In our project, we decided to examine athletic school spirit at Macalester. In order to examine this unquantifiable variable, we looked at varsity athletics attendance.
We hypothesized the following:
The more involved in athletics you are, the more sporting events you will attend.
Spirit by frequency: more attendance means more school spirit
Varsity athletes have more school spirit.
By modeling data about game attendance, we can infer athletic spirit as a whole. We also predicted that there would be several other factors influencing attendance. These factors include: being a varsity athlete, personal importance of school spirit, major, etc. In order to further understand the relationship between athletic involvement and attendance, we also looked at how long people stayed at games, and what games they attended.
We found our data using an online survey administered over social media, mainly Facebook. We collected data over a two week span and received 216 responses. We analyzed our data using RStudio.
Variable Descriptions
Spirit was the measure of how important a student views school spirit. This was on a scale of 1-7, 1 being not important, 7 being extremely important.
Varsity Athlete Status was whether or not the student is a varsity athlete.
Club Athlete Status was whether or not the student is a club athlete.
Frequency was the measure of how often students attended varsity athletic events. The options were Never, Rarely, Sometimes, Often, or Always.

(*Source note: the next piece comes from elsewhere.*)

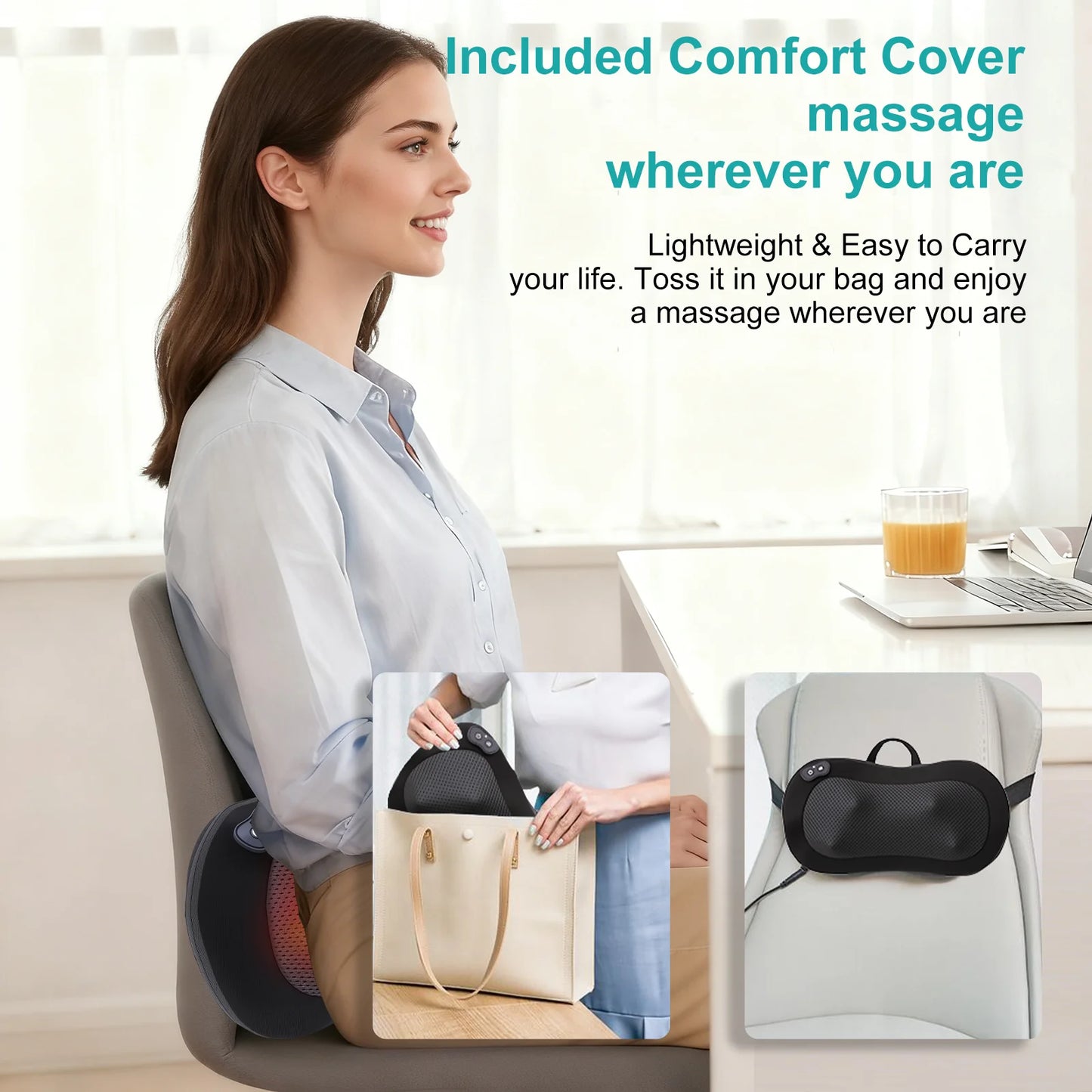 LEERCON 3D Shiatsu Neck and Back Massager Pillow With Heat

We renamed our variables for our sanity and yours.
## [1] ""
## [2] "Baseball"
## [3] "Football"
## [4] "Football, Men's Track and Field"
## [5] "Men's Cross Country"
## [6] "Men's Cross Country, Men's Track and Field"
## [7] "Men's Soccer"
## [8] "Men's Soccer, Men's Tennis"
## [9] "Men's Swimming and Diving"
## [10] "Men's Track and Field"
## [11] "Volleyball"
## [12] "Women's Cross Country"
## [13] "Women's Cross Country, Women's Track and Field"
## [14] "Women's Soccer"
## [15] "Women's Swimming and Diving"
## [16] "Women's Swimming and Diving, Women's Water Polo"
## [17] "Women's Tennis"
## [18] "Women's Track and Field"
## [19] "Women's Water Polo"
Graphs of Relationships between Variables
The majority of students answering the survey were Female for unknown reasons:
barchart(tally(~Gender, data = d, margins = FALSE, format = "count"), auto.key = TRUE)

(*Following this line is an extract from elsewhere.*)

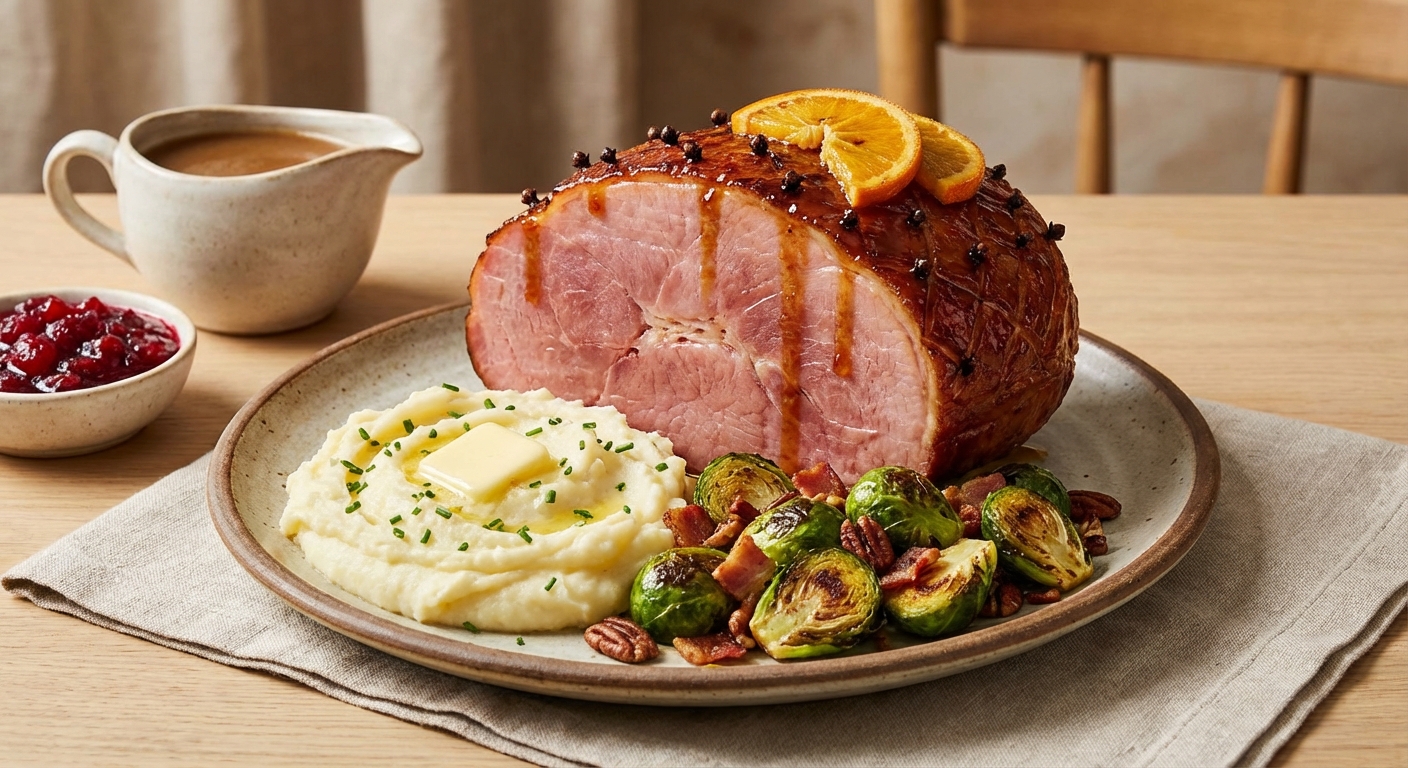Honey-Glazed Ham, Mashed Potatoes & Roasted Brussels Sprouts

The majority of students answering the survey were second years which is reflective of the fact that we are all second years:
barchart(tally(~Year, data = d, margins = FALSE, format = "count"), auto.key = TRUE)
The students answering the survey were primarily non-athletes which is reflective of the Macalester population:
barchart(tally(~VarsityAthlete, data = d, margins = FALSE, format = "count"),
auto.key = TRUE)
Most Macalester students typically do not attend varsity athletics on a regular basis:
barchart(tally(~Frequency, data = d, margins = FALSE, format = "count"), auto.key = TRUE)
This graph illustrates the responses to the question “How important is school spirit?” 1 corresponds to not important at all, 7 corresponds to extremely important. The responses show a normal distribution:
barchart(tally(~Spirit, data = d, margins = FALSE, format = "count"), auto.key = TRUE)
This is a graphical representation of varsity athletes by spirit. The blue corresponds to varsity athletes and the red corresponds to non-varsity athletes. From this graph it appears that on average varsity athletes have view school spirit as more important.
mosaicplot(Spirit ~ VarsityAthlete, data = d, las = 2, col = rainbow(2))
This is a representation of spirit by frequency of game attendance in a box and whiskers plot. From this graph we can see that as frequency of game attendance increases, so does the importance of school spirit.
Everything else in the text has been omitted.